From: Xuan Zhuo <xuanzhuo@linux.alibaba.com>
To: Paolo Abeni <pabeni@redhat.com>
Cc: Andrew Lunn <andrew+netdev@lunn.ch>,
	"David S. Miller" <davem@davemloft.net>,
	Eric Dumazet <edumazet@google.com>,
	Jakub Kicinski <kuba@kernel.org>,
	Wen Gu <guwen@linux.alibaba.com>,
	Philo Lu <lulie@linux.alibaba.com>,
	Vadim Fedorenko <vadim.fedorenko@linux.dev>,
	Dong Yibo <dong100@mucse.com>,
	Heiner Kallweit <hkallweit1@gmail.com>,
	Dust Li <dust.li@linux.alibaba.com>,
	netdev@vger.kernel.org
Subject: Re: [PATCH net-next v36 1/8] eea: introduce PCI framework
Date: Sat, 4 Apr 2026 16:26:45 +0800	[thread overview]
Message-ID: <1775291205.5205972-1-xuanzhuo@linux.alibaba.com> (raw)
In-Reply-To: <e769aaaa-17bb-4356-9848-dc5001885e24@redhat.com>

On Thu, 2 Apr 2026 10:02:53 +0200, Paolo Abeni <pabeni@redhat.com> wrote:
> On 3/29/26 3:22 PM, Xuan Zhuo wrote:
> > +struct eea_pci_cfg {
> > +	__le32 reserve0;
> > +	__le32 reserve1;
> > +	__le32 drv_f_idx;
> > +	__le32 drv_f;
> > +
> > +#define EEA_S_OK           BIT(2)
> > +#define EEA_S_FEATURE_DONE BIT(3)
> > +#define EEA_S_FAILED       BIT(7)
> > +	u8   device_status;
> > +	u8   reserved[7];
> > +
> > +	__le32 rx_num_max;
> > +	__le32 tx_num_max;
> > +	__le32 db_blk_size;
> > +
> > +	/* admin queue cfg */
> > +	__le16 aq_size;
> > +	__le16 aq_msix_vector;
> > +	__le32 aq_db_off;
> > +
> > +	__le32 aq_sq_addr;
> > +	__le32 aq_sq_addr_hi;
> > +	__le32 aq_cq_addr;
> > +	__le32 aq_cq_addr_hi;
> > +
> > +	__le64 hw_ts;
>
> Sashiko has still a lot to say about this series.

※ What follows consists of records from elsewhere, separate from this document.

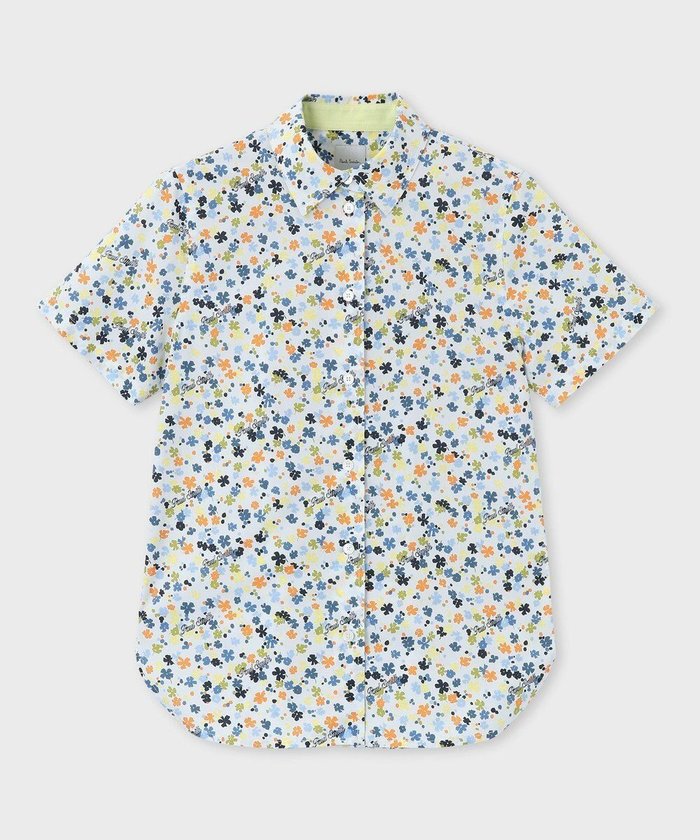 【ポール スミス/Paul Smith】のLogo flower 半袖シャツ インテリア・キッズ・メンズ・レディースファッション・服の通販 founy(ファニー) https://founy.com/ ファッション Fashion レディースファッション Ladies' Fashion Online トップス・カットソー Tops/Tshirt シャツ/ブラウス Shirts/Blouses カラフル Colorful フェミニン Feminine プリント Print ワーク Work 半袖 Short Sleeve 夏 Summer 春 Spring S/S・春夏 Ss・Spring/Summer |ID: prp329100004595232 ipo3291000000032650682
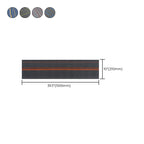 Koadclo | Dark Color Level Loop Carpet Tile – Non-Slip Self-Adhesive Indoor Office Carpet Squares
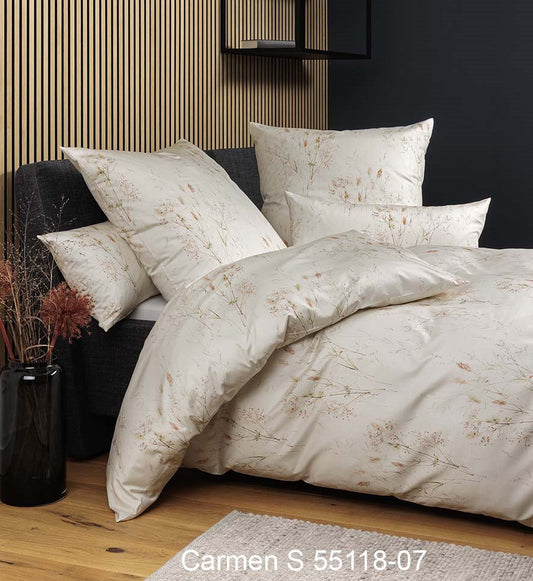 Janine Interlock-Jersey Bettwäsche CARMEN S 55118 beige grün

Here:
>
> ---
> Is there an implicit compiler padding issue here?
> The field aq_cq_addr_hi is a 32-bit integer ending at offset 59. The
> immediately following field, hw_ts, is an 8-byte integer. To align hw_ts
> to an 8-byte boundary, the compiler will implicitly insert 4 bytes of
> padding, placing hw_ts at offset 64 instead of 60.
> Depending on whether the hardware designer intended the register to be
> at offset 60 or 64, the driver might read from the wrong address, or
> rely on implicit padding that could change across architectures.
> ---
>
> I assume the (virtual) H/W does the align thing correctly, so no real
> issue here. Still replying to this patch explaining why the raised
> concern is not valid would help a lot progresses on this series.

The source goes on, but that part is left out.